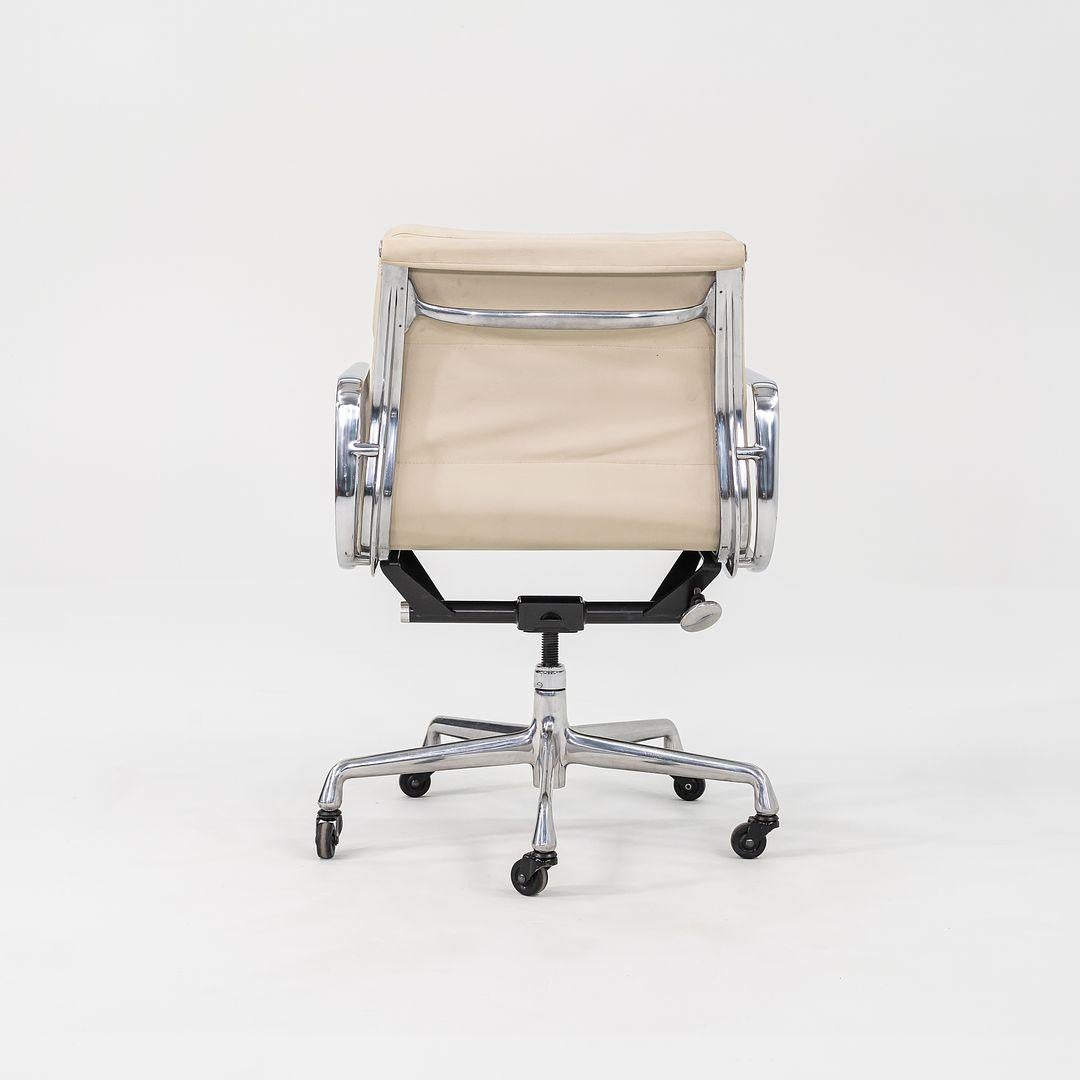 2010s Herman Miller Eames Aluminum Group Soft Pad Management Desk Chair Leather 4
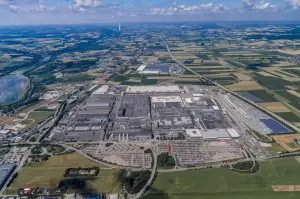 BMW stabilimento Dingolfing 50 anni
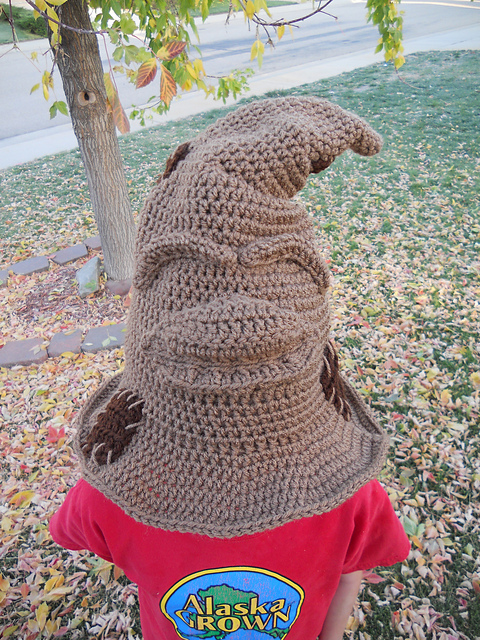 Chatty Hat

BRIEF >>
Reprint the whole listing above exactly, taking out the pictures.

RESULT >>
 2010s Herman Miller Eames Aluminum Group Soft Pad Management Desk Chair Leather 4
 BMW stabilimento Dingolfing 50 anni
 Chatty Hat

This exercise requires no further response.